Zing Forum

Reading

Chimere: A Rust Inference Engine for Running 35-Billion-Parameter MoE Models on Consumer GPUs

Chimere is a Rust inference runtime designed specifically for local hybrid SSM+MoE architectures. It can run the Qwen3.5-35B-A3B model on a single 16GB consumer GPU at 94 tokens per second, without the need for H100 or multi-GPU setups.

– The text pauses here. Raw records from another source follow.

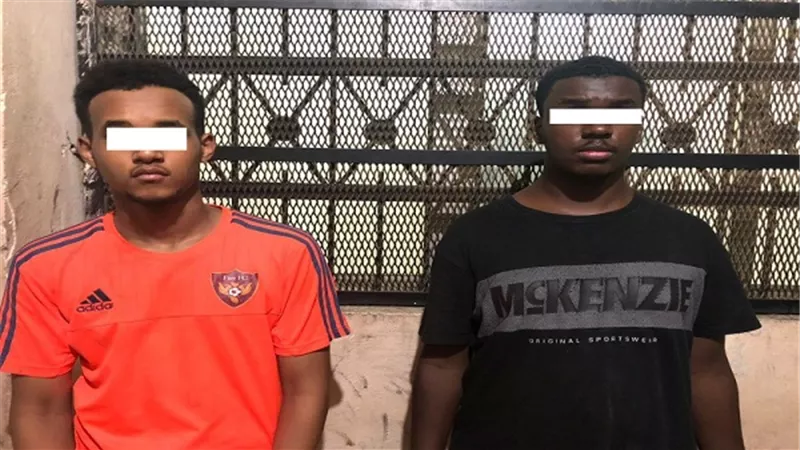 ضبط شخصين أجنبيين أثناء محاولتهما سرقة فيلا بالتجمع الأول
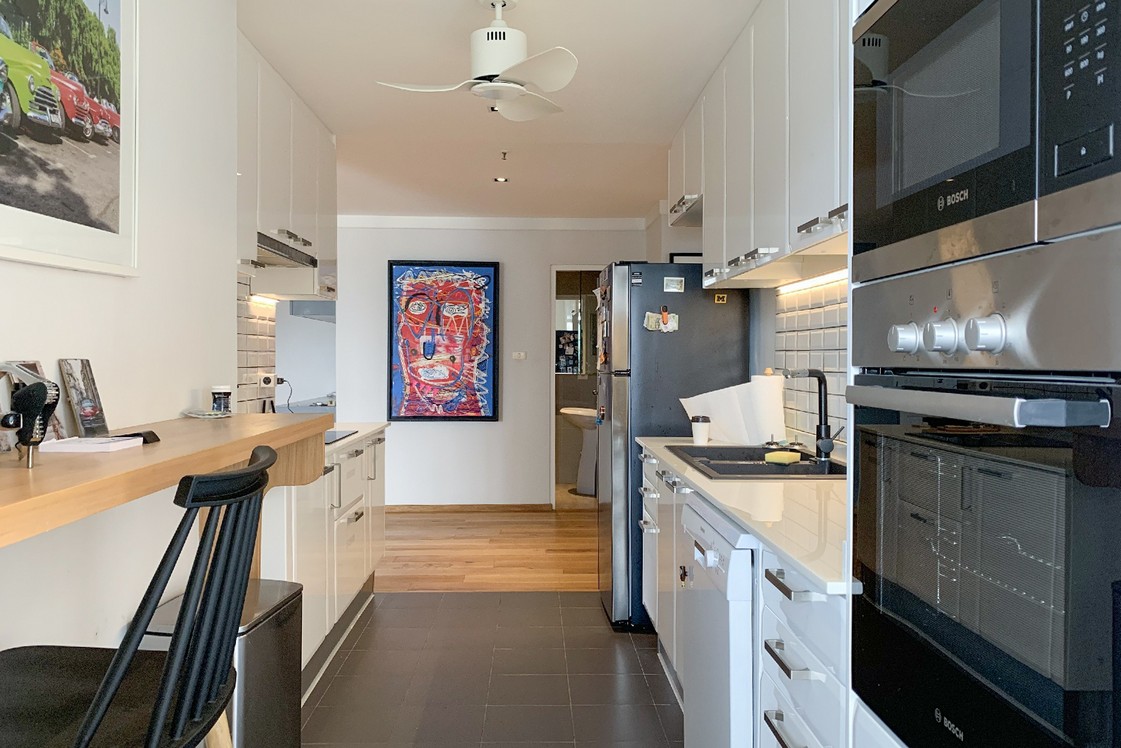 Spacious 3-bed 146 SQM condo at Waterford Diamond, 29th floor, fully furnished, prime Sukhumvit location. Rent 90K/month. Move-in April 2025. Contact now!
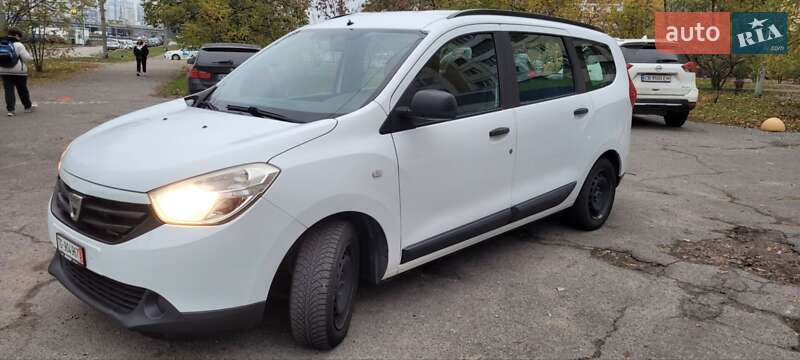 Мінівен Dacia Lodgy 2013 в Києві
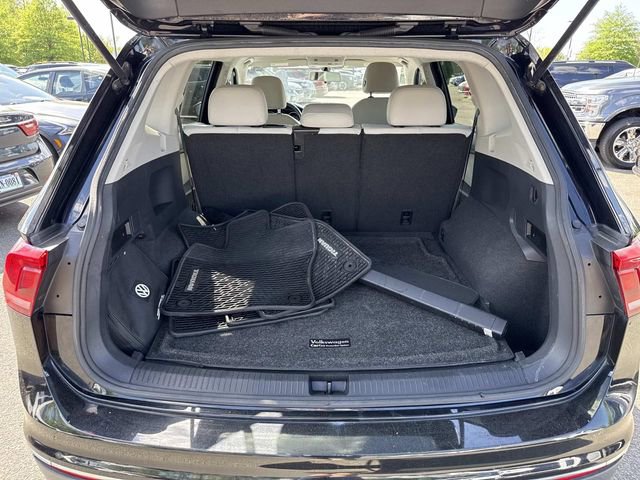 Used 2018 Volkswagen Tiguan SE image 12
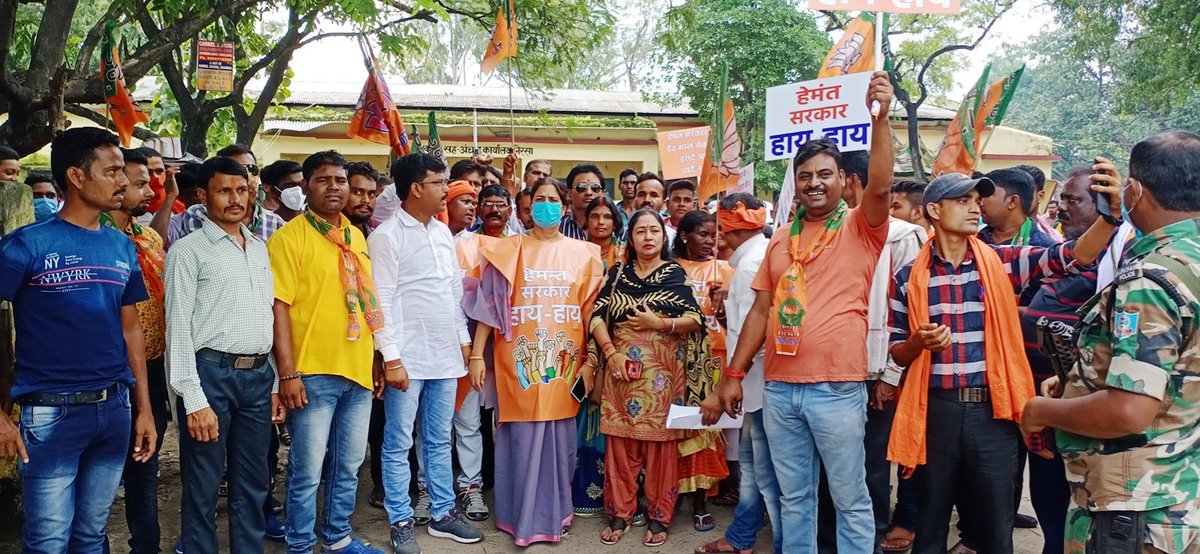 aparnabjp's tweet photo. निरसा प्रखंड कार्यालय में हेमंत सोरेन के जनविरोधी सरकार के द्वारा की गई वादाखिलाफी एवं झारखंड में व्याप्त भ्रष्टाचार के खिलाफ मानव श्रृंखला बनाकर विरोध प्रदर्शन की,,एवं निरसा प्रखंड विकास पदाधिकारी के अनुपस्थिति में सहायक लिपिक मोहम्मद अकरम को ज्ञापन सौंपा गया,
#bjpjharkhand https://t.co/xCPSkUemW9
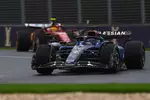 Foto zur News: Alexander Albon (Williams) und Lewis Hamilton (Ferrari)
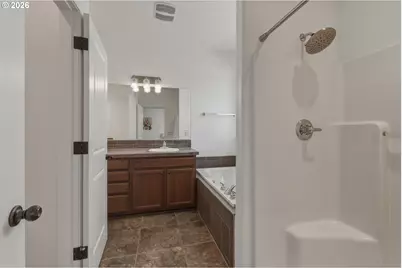 11812 SE Hannah Ln, Portland, OR 97266 - Photo 14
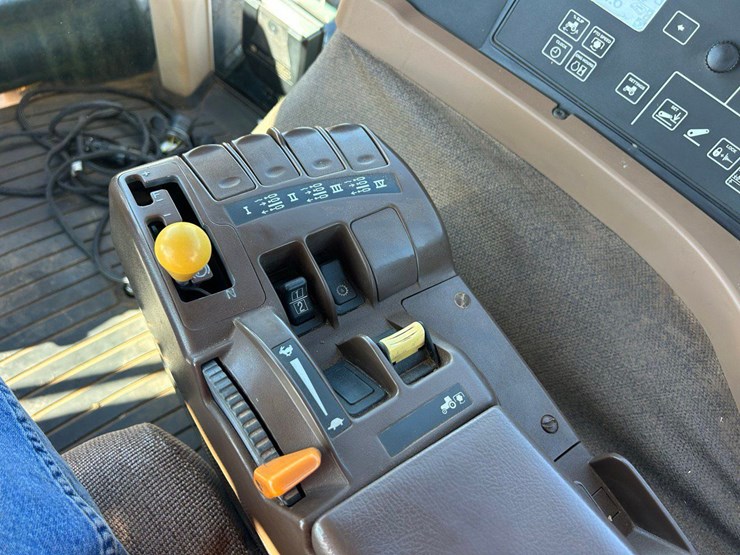 2011-john-deere-9230-image-31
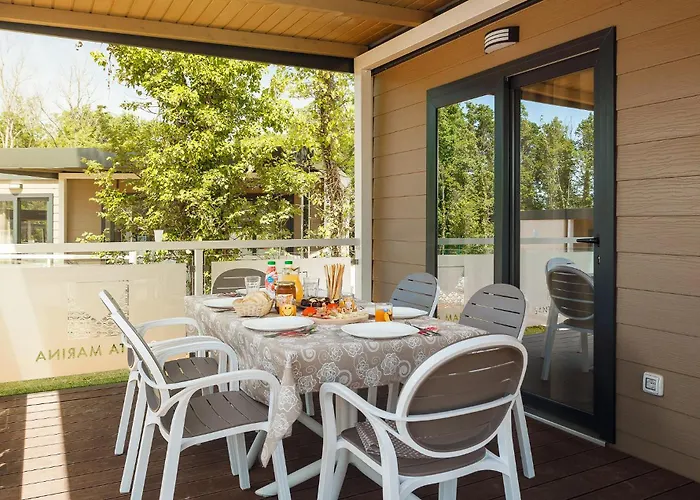 캠프장 2 Bedroom Awesome Stacaravan In Vabriga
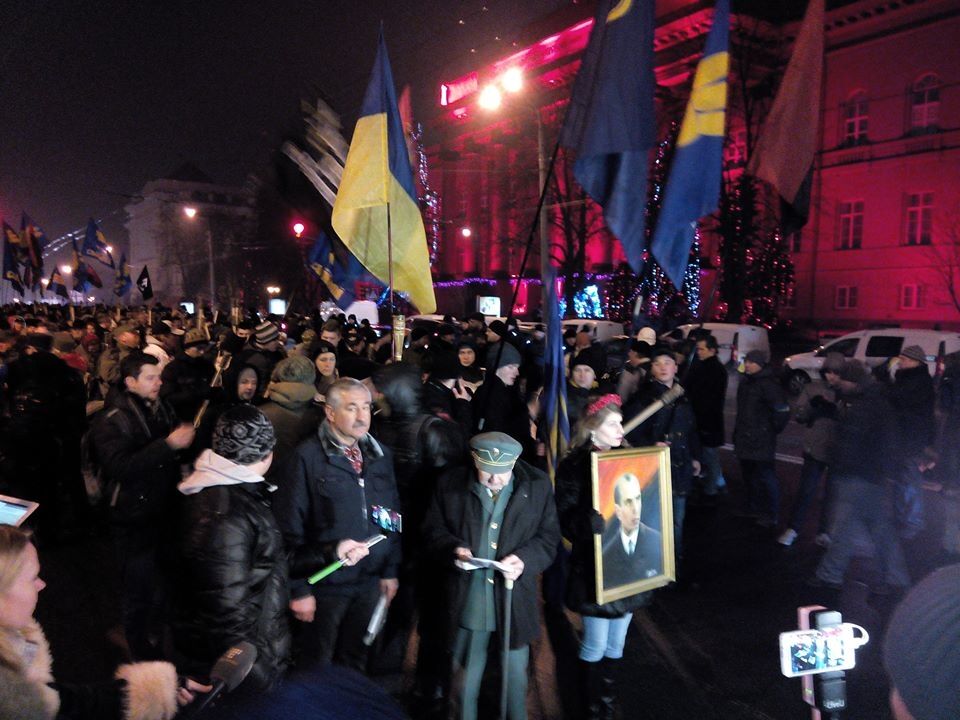 Факельный марш в Киеве: полное видео шествия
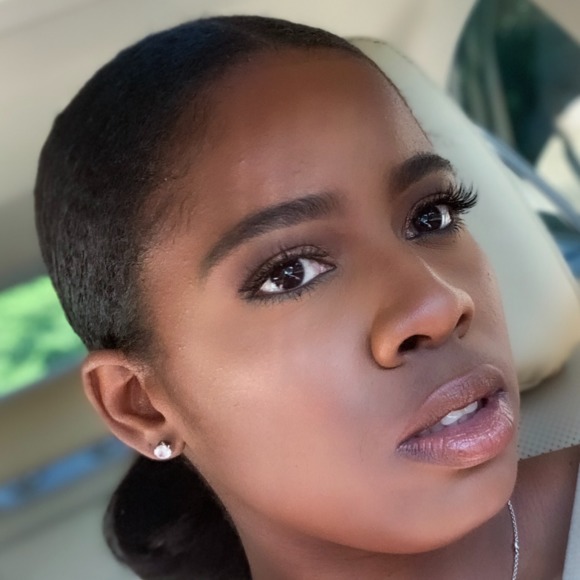 Profile Picture of Carla Simon (@carla_simon) on Poshmark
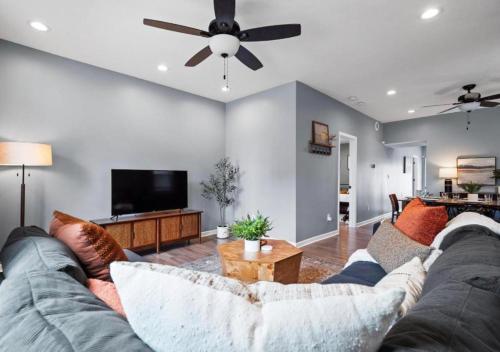 Hot Tub N64 Mins to Downtown Sleeps 8 in Cleveland, United States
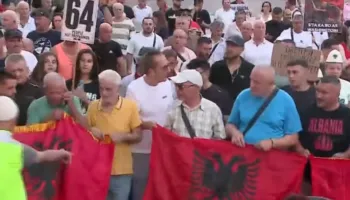 Protesta e 64-të kundër qeverisë, qytetarët marshojnë masivisht drejt Kryeministrisë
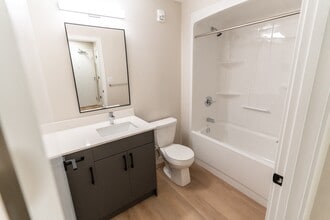 162 Scott Street in Winnipeg, MB - Building Photo - Floor Plan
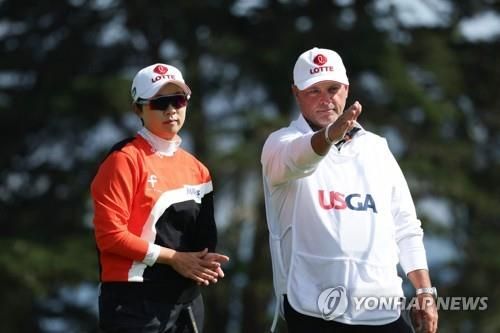 캐디와 코스 공략을 상의하는 김효주.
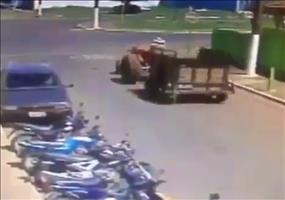 Kein Glückstag für diesen Traktorfahrer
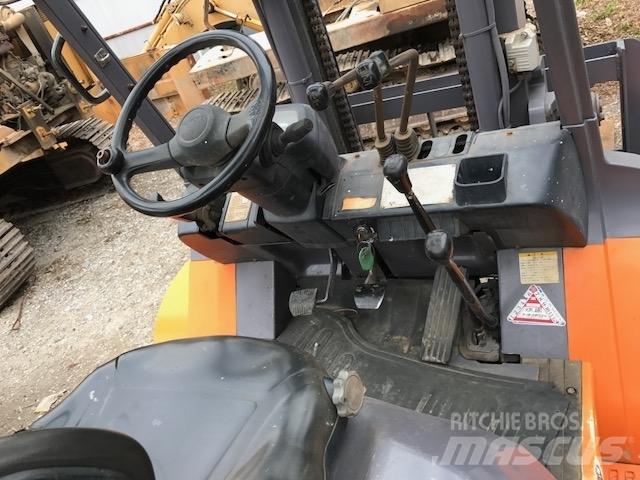 Toyota 7 FD 40 Chariots diesel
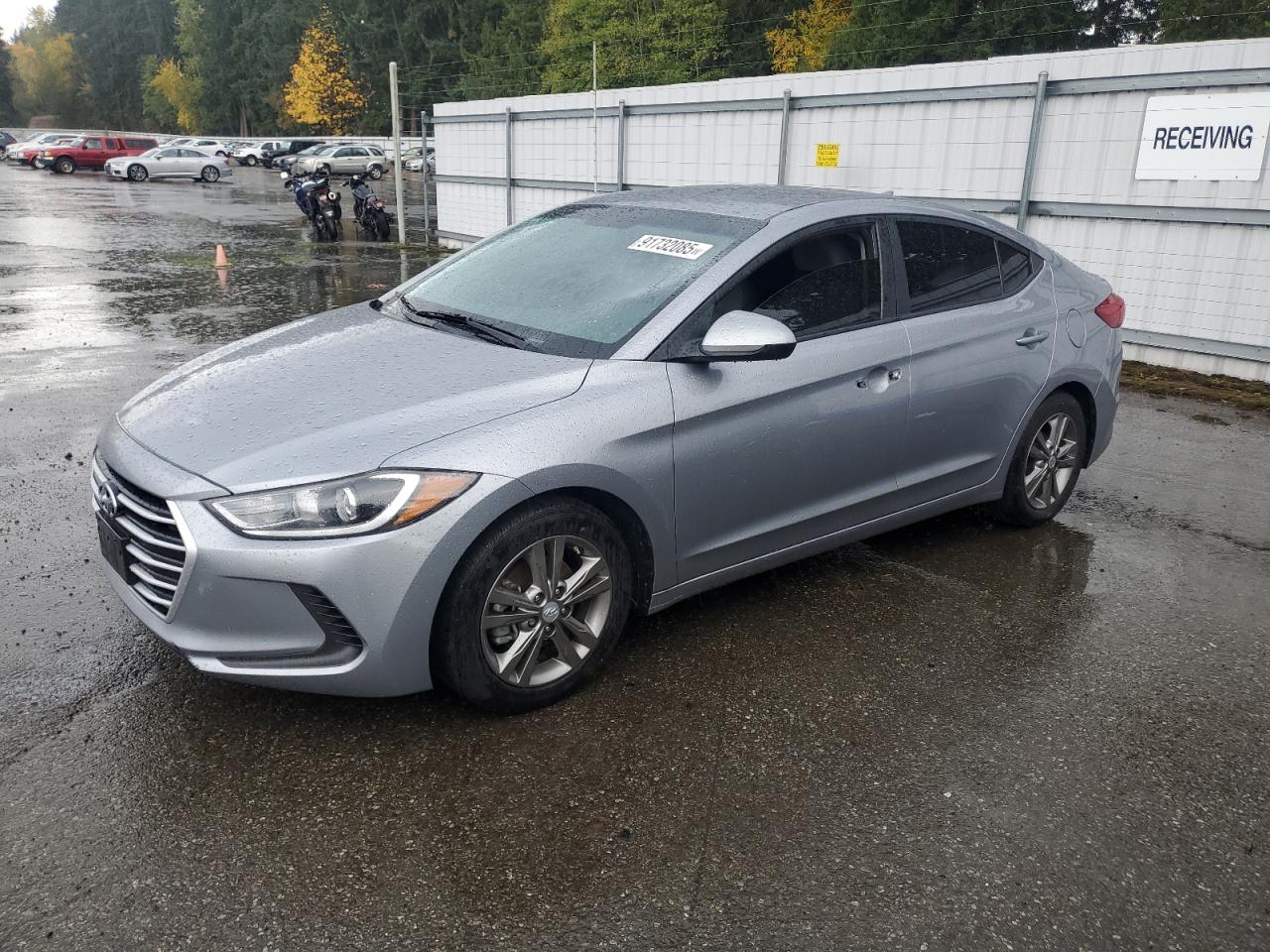 HYUNDAI ELANTRA SE
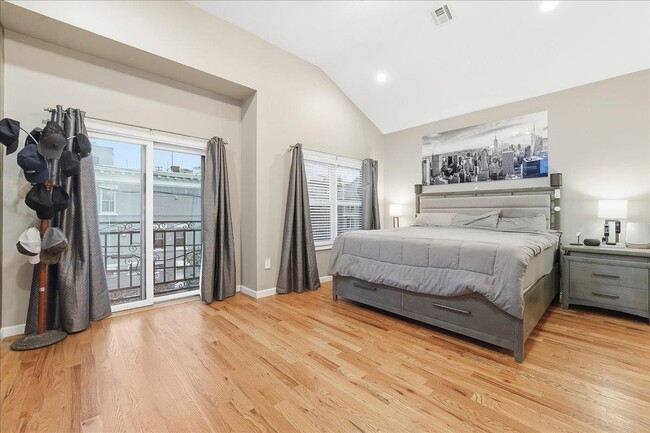 Building Photo - 285 Terrace Ave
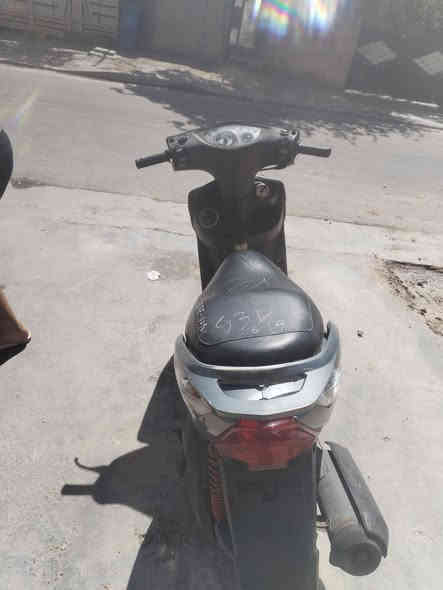 السلام عليكم دراجه ثلعب كبل شهر نازله من الرمبه كامله من كلشي اريد بس اكلج خلفي يرادله تبديل اريده مراوس دراجه بريز *********** وبي واتساب
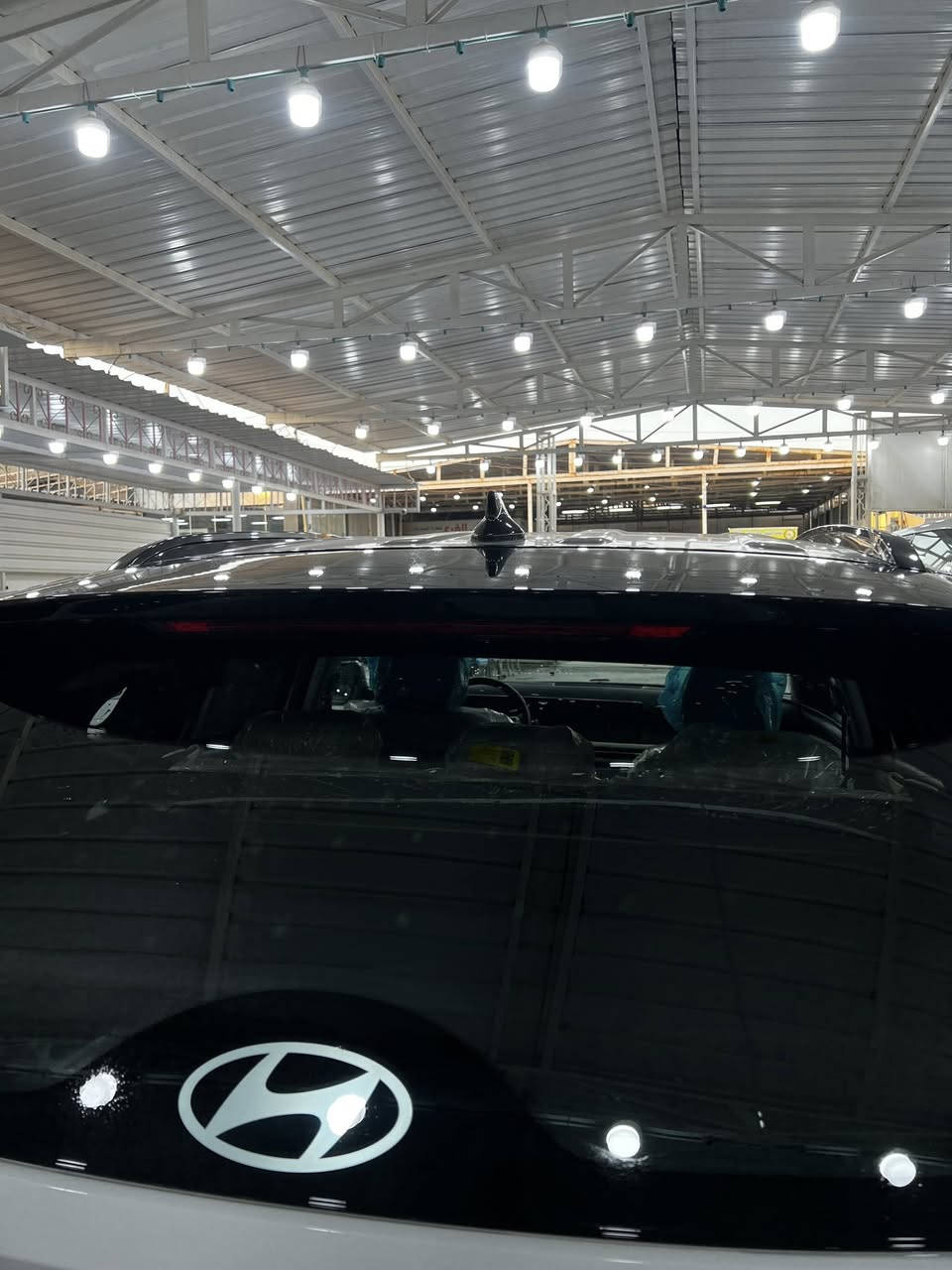 هيونداي توسان 2025 – توكلر | فول مواصفات
📍 النجف الأشرف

RustMoELLM推理本地部署Qwen3.5CUDABlackwell量化消费级GPU
Published 2026-04-24 18:13Recent activity 2026-04-24 18:19Estimated read 7 min
Chimere: A Rust Inference Engine for Running 35-Billion-Parameter MoE Models on Consumer GPUs
1

Section 01

Chimere: Guide to the Rust Inference Engine for Running 35-Billion-Parameter MoE Models on Consumer GPUs

Core Guide to the Chimere Project

Chimere is an inference runtime entirely written in Rust, optimized for hybrid State Space Model (SSM) and Mixture of Experts (MoE) architectures. Its core breakthrough is: It can smoothly run the 35-billion-parameter Qwen3.5-35B-A3B model on a single consumer GPU with 16GB VRAM (e.g., RTX 5060 Ti) at a generation speed of approximately 94 tokens per second, without the need for high-end data center GPUs. The project supports OpenAI-compatible APIs, balancing performance, deployment convenience, and data privacy requirements.

2

Section 02

Project Background and Core Positioning

Project Background and Core Positioning

Large language model inference has long faced the pain point of "difficulty running large-parameter models with limited hardware resources". The core goal of the Chimere project is to break this barrier: for Qwen3.5-35B-A3B (35 billion parameters, Gated DeltaNet+MoE architecture), it enables efficient operation on consumer GPUs, allowing ordinary developers and users to enjoy large model inference capabilities without relying on high-end hardware like H100.

3

Section 03

Technical Architecture and Core Optimizations

Technical Architecture and Core Optimizations

  1. Tech Stack Foundation: Based on a deeply customized branch of ik_llama.cpp (supports Mamba-2/Nemotron-H architectures, PR submitted to the community), implemented end-to-end in Rust, compiled into a single binary, and provides OpenAI-compatible HTTP services via the axum framework.
  2. Multi-Architecture Scheduling: Automatically routes requests via the AppStateModel enum; adding new architectures only requires extending the enum and loaders.
  3. Engram Memory System: n-gram log bias mechanism, pre-built 4 domain tables (kine/code/cyber/general), indexed via FNV-1a hash and Cuckoo filter, enabling token-level personalization.
  4. CUDA and Quantization Optimizations: Natively supports NVIDIA Blackwell architecture (sm_120), uses TurboQuant-style K-cache optimization (Hadamard rotated keys + Q8_0/Q4_0 KV quantization), improving throughput by 8% with almost no quality loss.
4

Section 04

Performance Benchmarks and Real-World Performance

Performance Benchmarks and Real-World Performance

According to official tests, Chimere's performance on RTX 5060 Ti is as follows:

  • Qwen3.5-35B-A3B (custom IQK quantization): ~80 tokens/sec generation speed under 64K context, 789 tokens/sec prefill, first token latency of 80ms, VRAM usage of 15.3GB;
  • Nemotron-3-Nano-30B-A3B (Q4_0 quantization): ~45 tokens/sec generation speed. These data prove that consumer hardware can achieve a response experience close to cloud APIs.
5

Section 05

Multi-Model Support and Deployment Ecosystem

Multi-Model Support and Deployment Ecosystem

  1. Multi-Model Compatibility: In addition to the Qwen3.5 series, it has verified support for hybrid architecture models like Nemotron-3-Nano-30B-A3B; future plans include expanding to Granite 4.0, Falcon-H1, etc.
  2. Deployment Process: Need to clone and build the ik_llama.cpp backend and chimere-server, with dependencies on CUDA 12.8+ and Rust 1.80+; configure parameters like model path via environment variables, and after startup, it provides OpenAI-compatible APIs (supports streaming chat, tool calls, etc.).
  3. Ecosystem: As part of the AIdevsmartdata ecosystem, supporting projects include chimere-odo (Python orchestrator), chimere-studio (Tauri UI), ramp-quant (quantization pipeline), etc.
6

Section 06

Conclusion and Future Outlook

Conclusion and Future Outlook

Chimere, through system-level optimizations (Rust performance, CUDA kernels, quantization strategies), proves that consumer hardware can handle large model inference tasks, promoting AI democratization and edge computing development. In the future, it will continue to expand model support and is expected to become one of the preferred runtimes for local LLM deployment, providing reliable solutions for data privacy-sensitive scenarios.